The aggregate function in hyper actually does pretty much that, but it has three disadvantages:

It returns impl Buf instead of concrete type. hyper in general has the habit of not wanting to give me concrete types, which makes it harder to pass the values around or store them (it pollutes code with generics, requires dynamic dispatch and boxing in traits ‒ which is another allocation I don’t want to have).
I want to have that defensive check of how much data I’ve received from the client and abort it before all RAM is consumed. It seems the aggregate will just consume everything, no matter how large the payload is. Checking some kind of Content-Length header first doesn’t help, because with a chunked encoding it is not mandatory. If one uses aggregate in the server, a malicious client can just kill the server by sending too much data.
It doesn’t provide the other optimization I describe below at the moment (I’ve went to check the code). Though I might submit a PR to fix this, it should be quite simple.
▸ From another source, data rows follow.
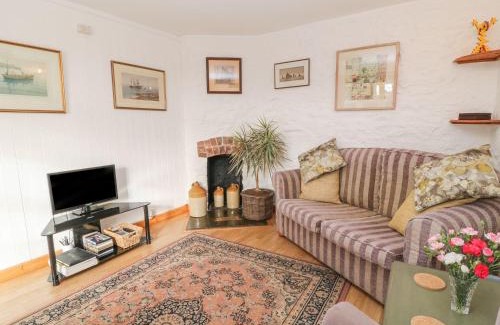 Broadwoodwidger House | The Coach House
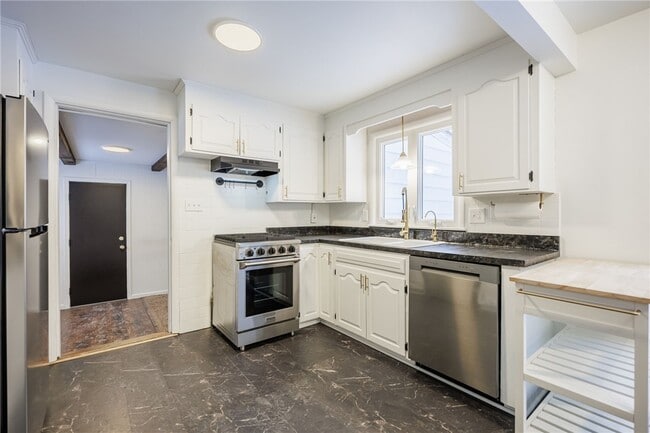 Building Photo - 105 Chestnut Dr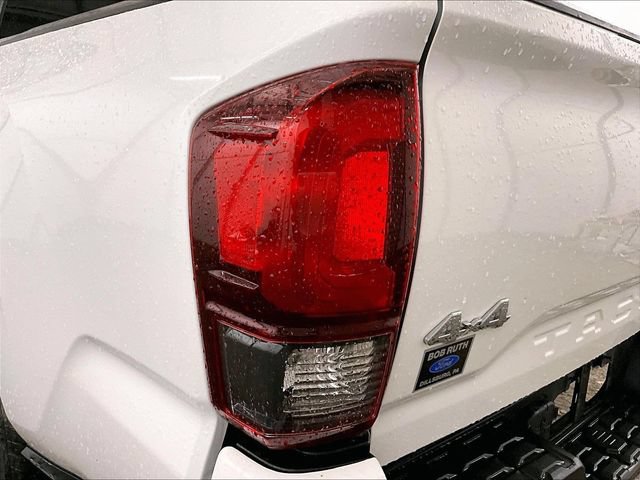Used 2023 Toyota Tacoma SR AWD/4WD image 28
For the above reasons, I’ve decided to roll my own type that is basically a bunch of Bufs chained together (well, actually, I have two slightly different ones) and publish it in the bytes-utils crate. See the SegmentedSlice, which can be built on top of some SmallVec of chunks. That way if only few chunks arrive (we expect just one), we don’t do any extra allocation on top the one that hyper does to create the chunks.

let mut chunks = SmallVec::<[Bytes; 4]>::new();
let mut body = req.into_body();
while let Some(chunk) = body.next().await {
    let chunk = chunk?;
    if data.len() + chunk.len() > limits.max_bytes {
        return Err(TooLarge.into());
    }
    chunks.push(chunk);
}
// This one doesn't allocate and will present a Buf view into all the chunks
// we accumulated.
let data = SegmentedSlice::new(&mut chunks);
// And we can pass that do prost directly.
let decoded = Batch::decode(data)?;

Allocations to fill the protobuf messages

By default, the structures generated by prost will look something like this (I’m not including bunch of attributes it puts on them, they are not interesting right now):

struct Entry {
    name: Option<String>,
    phone: Option<String>,
    address: Option<String>,
}

struct Batch {
    entries: Vec<Entry>,
}

Each non-empty Vec or String is another separate allocation. In the case of the strings that come from the input, they are just copied from there. In theory prost could also borrow from the input data ‒ do something like this:

struct Entry<'a> {
    name: Option<&'a str>,
    ...
}

Then it could just point into the input data instead of allocating and copying. But that would make working with the structures and the whole API more hairy, so the suggestion to allow that was turned down.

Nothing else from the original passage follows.